Inoltre, c’è polemica sul fatto che chi rientra in Australia deve fare la quarantena in un albergo designato, e, nonostante l’annuncio di 20 nuovi voli per chi non è ancora rimpatriato, il numero di persone che possono essere riaccolte è stato tagliato in vari stati (anche se non in Victoria e in South Australia, dove si trova Adelaide), un fatto che di sicuro non desta una grande impressione se si pensa che per l’Australian Open i mille e più posti sono sempre stati garantiti (pur con un cambio di residenza e con una sede aggiuntiva in un secondo stato).
La “ragion di stato”
Ormai, però, i giocatori sono arrivati, ed è evidente che il torneo si giocherà, seppur con il rischio di una competizione chiaramente falsata dall’impossibilità di allenarsi per due settimane di 47 giocatori (al momento) – basti pensare che secondo Sorana Cirstea, una delle giocatrici coinvolte, le sarebbero necessarie tre settimane di allenamento per rimettersi in condizione di giocare.
Che sia necessario giocare è stato messo in chiaro dal premier del Victoria, Daniel Andrews, secondo il quale saltare un anno di torneo metterebbe in serio pericolo lo status di Slam del torneo: “Pensare che lo status di torneo del Grande Slam del torneo sia qualcosa di immutabile è semplicemente sbagliato. Certo, si può dire che ci sarà sempre un Australian Open, ma potrebbe essere uno Slam o un torneo regionale, questa è la posta in palio“.
Ora, può anche darsi che le parole di un politico soggetto a recenti e feroci critiche scadano nell’iperbole e nell’esagerazione, ed è difficile pensare che l’Australia possa perdere il suo Major in tempi brevi (anche perché c’è un contratto fino al 2039 per la sua permanenza sull’isola), ma di sicuro se uno dei quattro può rischiare qualcosa, questo è Melbourne: è quello con meno storia, essendo stato disertato in massa dai migliori fino al 1982 (quando venne istituito un premio per chi fosse riuscito a completare il Grande Slam) e in qualche misura per ancora un decennio, fino al 1994, quando il montepremi si impennò per la prima volta; è quello che presenta le maggiori sfide logistiche per i giocatori in termini di viaggi; e le temperature elevate degli ultimi anni sono state un problema, un po’ per i collassi dei giocatori in campo, un po’ per gli incendi del 2020 che già avevano messo a repentaglio la disputa dell’evento.
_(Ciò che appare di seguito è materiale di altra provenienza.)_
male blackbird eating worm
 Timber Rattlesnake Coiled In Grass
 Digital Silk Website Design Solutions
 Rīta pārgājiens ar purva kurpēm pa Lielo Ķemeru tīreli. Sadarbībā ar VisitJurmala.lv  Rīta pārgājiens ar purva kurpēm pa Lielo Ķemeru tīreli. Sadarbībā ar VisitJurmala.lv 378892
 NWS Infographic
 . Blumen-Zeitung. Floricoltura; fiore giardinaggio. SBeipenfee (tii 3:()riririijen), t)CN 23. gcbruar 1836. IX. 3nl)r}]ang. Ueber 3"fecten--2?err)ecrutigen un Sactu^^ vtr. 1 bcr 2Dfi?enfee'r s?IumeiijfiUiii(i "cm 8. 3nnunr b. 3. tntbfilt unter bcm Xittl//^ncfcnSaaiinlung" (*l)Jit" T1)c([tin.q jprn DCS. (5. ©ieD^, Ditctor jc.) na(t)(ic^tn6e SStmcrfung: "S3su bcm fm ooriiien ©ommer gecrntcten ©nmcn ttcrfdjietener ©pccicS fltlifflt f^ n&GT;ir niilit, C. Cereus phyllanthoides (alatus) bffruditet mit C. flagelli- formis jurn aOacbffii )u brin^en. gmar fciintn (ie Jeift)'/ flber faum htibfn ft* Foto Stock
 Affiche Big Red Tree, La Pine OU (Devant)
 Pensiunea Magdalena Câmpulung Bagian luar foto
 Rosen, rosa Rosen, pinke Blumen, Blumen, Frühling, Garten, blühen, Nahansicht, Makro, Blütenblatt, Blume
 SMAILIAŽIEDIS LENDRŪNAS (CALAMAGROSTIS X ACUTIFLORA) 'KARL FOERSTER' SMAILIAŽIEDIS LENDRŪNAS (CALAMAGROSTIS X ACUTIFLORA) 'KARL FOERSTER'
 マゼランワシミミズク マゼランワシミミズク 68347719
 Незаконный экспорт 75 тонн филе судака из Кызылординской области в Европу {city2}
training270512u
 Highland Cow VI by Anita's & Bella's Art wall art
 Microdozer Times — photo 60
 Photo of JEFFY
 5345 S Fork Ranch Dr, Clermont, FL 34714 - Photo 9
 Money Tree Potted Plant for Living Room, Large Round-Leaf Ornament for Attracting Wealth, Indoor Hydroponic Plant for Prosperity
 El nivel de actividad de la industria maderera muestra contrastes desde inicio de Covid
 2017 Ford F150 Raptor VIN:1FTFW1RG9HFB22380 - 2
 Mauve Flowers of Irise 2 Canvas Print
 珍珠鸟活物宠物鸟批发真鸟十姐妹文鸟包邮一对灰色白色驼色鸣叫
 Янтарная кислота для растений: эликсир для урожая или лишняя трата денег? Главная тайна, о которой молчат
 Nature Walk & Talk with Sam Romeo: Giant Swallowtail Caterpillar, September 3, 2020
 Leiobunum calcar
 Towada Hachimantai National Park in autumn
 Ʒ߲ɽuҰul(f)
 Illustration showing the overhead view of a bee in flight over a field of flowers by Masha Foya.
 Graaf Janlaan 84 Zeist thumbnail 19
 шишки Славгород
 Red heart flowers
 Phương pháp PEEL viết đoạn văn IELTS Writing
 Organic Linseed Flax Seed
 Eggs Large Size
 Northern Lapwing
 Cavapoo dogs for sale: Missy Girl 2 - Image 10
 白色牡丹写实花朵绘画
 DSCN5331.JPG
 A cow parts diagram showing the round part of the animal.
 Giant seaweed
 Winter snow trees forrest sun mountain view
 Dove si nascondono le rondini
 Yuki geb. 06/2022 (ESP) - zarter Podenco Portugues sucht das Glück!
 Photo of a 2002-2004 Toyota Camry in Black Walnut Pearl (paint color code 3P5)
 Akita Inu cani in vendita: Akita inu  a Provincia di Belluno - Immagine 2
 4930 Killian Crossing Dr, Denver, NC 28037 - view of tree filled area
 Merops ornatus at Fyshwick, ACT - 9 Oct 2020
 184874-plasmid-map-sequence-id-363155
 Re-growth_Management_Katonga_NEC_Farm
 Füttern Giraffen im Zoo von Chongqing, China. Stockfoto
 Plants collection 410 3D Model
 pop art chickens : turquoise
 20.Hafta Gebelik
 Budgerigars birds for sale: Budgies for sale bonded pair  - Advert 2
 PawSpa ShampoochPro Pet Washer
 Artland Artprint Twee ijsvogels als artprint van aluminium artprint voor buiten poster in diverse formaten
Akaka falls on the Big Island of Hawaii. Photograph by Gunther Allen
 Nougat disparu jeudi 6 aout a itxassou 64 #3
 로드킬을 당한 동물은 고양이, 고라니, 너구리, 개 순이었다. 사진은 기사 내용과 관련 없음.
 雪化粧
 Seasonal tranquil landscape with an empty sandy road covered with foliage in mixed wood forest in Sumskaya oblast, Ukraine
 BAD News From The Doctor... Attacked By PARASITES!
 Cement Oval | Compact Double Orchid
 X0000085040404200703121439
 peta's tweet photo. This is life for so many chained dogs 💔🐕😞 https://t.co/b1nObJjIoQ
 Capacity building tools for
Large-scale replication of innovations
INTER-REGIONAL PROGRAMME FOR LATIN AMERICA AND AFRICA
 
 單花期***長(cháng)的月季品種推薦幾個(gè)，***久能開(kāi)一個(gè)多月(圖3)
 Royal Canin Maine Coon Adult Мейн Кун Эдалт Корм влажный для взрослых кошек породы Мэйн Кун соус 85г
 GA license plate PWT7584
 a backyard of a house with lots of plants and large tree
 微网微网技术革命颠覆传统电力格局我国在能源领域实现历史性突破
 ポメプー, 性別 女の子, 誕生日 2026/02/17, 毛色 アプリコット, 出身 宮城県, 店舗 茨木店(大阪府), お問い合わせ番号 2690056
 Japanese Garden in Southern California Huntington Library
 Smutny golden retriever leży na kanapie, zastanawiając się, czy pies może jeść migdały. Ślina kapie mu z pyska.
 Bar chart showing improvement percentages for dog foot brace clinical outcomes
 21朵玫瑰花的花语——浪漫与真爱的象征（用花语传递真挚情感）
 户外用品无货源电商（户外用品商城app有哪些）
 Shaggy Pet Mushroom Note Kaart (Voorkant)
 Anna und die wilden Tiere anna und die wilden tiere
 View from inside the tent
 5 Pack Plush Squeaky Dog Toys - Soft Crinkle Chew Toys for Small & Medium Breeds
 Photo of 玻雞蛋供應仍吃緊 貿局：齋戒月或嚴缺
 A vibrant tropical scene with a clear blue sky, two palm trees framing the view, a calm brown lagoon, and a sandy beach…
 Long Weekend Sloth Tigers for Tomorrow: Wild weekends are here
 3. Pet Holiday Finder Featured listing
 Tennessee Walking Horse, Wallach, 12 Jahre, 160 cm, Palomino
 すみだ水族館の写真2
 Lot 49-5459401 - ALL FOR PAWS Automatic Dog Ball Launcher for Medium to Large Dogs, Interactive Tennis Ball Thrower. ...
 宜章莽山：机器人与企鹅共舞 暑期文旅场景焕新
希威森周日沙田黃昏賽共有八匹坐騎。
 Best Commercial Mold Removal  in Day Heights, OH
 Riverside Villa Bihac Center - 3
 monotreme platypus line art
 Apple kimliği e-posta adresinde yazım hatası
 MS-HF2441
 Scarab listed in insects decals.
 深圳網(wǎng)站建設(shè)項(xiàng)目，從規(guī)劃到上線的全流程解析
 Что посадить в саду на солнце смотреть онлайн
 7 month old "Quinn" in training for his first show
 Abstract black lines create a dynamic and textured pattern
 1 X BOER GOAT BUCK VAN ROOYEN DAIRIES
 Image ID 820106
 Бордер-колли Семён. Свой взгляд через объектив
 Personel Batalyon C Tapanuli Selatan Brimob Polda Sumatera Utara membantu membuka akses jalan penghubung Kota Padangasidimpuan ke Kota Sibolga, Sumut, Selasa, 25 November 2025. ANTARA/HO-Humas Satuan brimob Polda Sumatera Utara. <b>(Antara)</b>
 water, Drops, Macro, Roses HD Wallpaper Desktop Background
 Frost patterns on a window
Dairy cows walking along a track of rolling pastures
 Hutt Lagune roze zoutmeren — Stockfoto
Al di là di questo, però, le parole di Andrews possono essere ricondotte soprattutto alle esigenze dell’economia locale e a quelle di Tennis Australia, e sembra giustificare un sacrificio per il governo e per la federtennis, che dovrà fare leva sulle proprie riserve di 80 milioni di dollari australiani (circa 49 milioni di euro), già intaccate di un paio di milioni nel terzo trimestre del 2020, con le misure aggiuntive per i giocatori che avranno un costo stimato di circa 40.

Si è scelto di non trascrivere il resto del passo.